# TASK INSTRUCTIONS
How many lines in the records below hold the string "colorful"? Answer with the number alone.

(Short text fragments from websites)
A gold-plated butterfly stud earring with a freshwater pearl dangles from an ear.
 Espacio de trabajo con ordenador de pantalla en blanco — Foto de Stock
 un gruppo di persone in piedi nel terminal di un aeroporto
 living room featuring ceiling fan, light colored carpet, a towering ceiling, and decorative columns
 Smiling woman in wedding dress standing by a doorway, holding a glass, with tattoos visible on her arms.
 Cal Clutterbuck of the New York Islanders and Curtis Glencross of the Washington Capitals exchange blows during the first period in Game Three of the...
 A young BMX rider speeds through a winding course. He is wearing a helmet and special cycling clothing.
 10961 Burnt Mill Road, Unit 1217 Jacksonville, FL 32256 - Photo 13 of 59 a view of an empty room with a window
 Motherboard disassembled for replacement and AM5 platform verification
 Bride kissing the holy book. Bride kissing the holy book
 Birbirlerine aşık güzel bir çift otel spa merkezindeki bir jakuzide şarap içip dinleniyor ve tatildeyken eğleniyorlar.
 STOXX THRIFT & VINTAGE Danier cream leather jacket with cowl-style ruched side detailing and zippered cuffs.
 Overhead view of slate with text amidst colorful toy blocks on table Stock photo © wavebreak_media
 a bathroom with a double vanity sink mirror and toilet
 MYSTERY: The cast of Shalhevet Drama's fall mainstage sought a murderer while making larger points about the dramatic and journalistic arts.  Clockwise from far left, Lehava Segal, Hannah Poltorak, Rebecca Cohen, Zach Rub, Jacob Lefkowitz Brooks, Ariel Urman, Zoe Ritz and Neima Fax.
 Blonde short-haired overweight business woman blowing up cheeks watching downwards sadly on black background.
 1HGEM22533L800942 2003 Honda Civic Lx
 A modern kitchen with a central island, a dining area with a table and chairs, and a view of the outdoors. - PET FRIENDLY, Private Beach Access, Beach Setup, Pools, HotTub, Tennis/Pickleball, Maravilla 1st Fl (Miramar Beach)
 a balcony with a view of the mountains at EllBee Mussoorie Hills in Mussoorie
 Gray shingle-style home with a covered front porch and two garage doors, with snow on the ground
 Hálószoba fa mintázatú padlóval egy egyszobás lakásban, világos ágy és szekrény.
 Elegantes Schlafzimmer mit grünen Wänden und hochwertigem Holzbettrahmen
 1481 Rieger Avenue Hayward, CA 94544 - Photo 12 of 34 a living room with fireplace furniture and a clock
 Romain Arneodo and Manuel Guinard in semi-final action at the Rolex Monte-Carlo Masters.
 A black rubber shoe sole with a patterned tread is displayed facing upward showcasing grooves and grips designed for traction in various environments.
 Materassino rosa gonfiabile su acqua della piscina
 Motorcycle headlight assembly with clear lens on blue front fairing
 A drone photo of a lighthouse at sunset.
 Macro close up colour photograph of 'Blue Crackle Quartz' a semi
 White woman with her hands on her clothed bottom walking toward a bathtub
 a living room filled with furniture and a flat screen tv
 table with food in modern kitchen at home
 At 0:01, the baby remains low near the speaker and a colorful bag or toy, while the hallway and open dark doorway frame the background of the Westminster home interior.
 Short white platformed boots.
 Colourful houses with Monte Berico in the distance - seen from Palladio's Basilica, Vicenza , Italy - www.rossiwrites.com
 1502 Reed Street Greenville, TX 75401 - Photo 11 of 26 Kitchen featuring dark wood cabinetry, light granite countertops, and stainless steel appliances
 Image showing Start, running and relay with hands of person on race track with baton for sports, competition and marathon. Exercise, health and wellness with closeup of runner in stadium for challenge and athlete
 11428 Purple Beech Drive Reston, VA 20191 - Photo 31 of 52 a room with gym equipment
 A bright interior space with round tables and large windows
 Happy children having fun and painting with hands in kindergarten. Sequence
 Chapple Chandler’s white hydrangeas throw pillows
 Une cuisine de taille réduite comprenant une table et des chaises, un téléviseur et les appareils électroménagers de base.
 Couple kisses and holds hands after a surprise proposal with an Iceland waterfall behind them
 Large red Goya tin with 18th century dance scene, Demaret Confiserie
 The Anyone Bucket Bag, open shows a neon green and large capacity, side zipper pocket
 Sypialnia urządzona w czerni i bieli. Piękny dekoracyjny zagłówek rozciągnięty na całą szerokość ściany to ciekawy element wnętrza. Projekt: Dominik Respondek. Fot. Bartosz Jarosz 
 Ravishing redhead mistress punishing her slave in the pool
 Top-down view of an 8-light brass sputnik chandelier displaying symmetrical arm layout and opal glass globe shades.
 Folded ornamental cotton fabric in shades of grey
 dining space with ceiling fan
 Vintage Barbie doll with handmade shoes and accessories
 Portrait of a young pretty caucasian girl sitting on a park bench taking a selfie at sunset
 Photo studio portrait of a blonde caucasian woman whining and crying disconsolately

# RESULT FOR THIS TASK
2